INPUT FOR THIS TASK
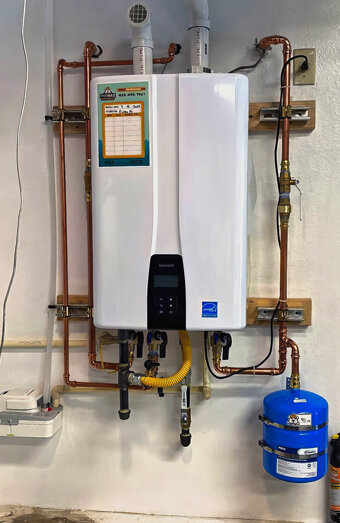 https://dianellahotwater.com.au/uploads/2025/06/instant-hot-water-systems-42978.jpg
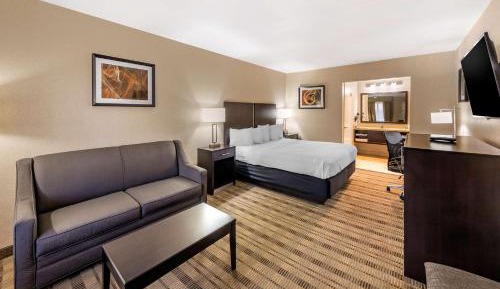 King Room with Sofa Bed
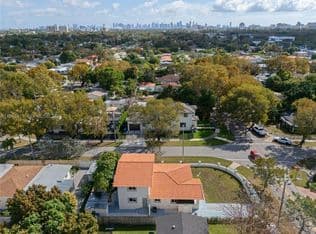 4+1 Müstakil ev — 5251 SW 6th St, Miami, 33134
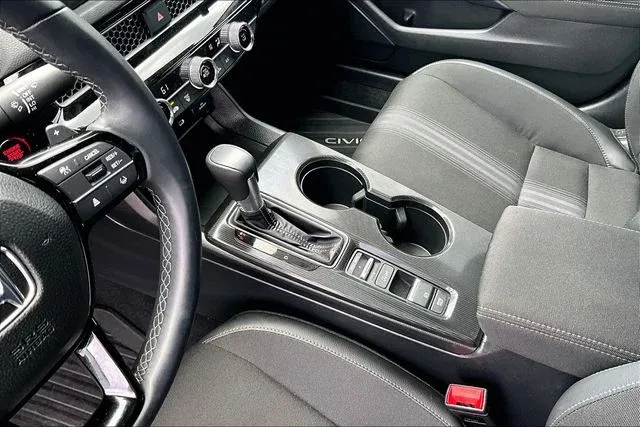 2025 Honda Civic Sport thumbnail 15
==
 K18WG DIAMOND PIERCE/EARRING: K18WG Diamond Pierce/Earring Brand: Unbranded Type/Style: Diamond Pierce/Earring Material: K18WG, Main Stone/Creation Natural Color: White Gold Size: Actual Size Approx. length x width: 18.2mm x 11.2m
...
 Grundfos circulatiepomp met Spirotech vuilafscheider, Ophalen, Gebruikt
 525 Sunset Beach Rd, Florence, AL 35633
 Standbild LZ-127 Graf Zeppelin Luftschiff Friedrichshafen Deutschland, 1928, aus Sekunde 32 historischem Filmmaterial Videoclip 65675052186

DIRECTIONS FOR THIS TASK
Please transcribe exactly the lines above from the line that has "525 Sunset Beach Rd, Florence, AL 35633" up to and including the line that has "Standbild LZ-127 Graf"; no other line belongs in the answer.

RESPONSE TO THE TASK
 525 Sunset Beach Rd, Florence, AL 35633
 Standbild LZ-127 Graf Zeppelin Luftschiff Friedrichshafen Deutschland, 1928, aus Sekunde 32 historischem Filmmaterial Videoclip 65675052186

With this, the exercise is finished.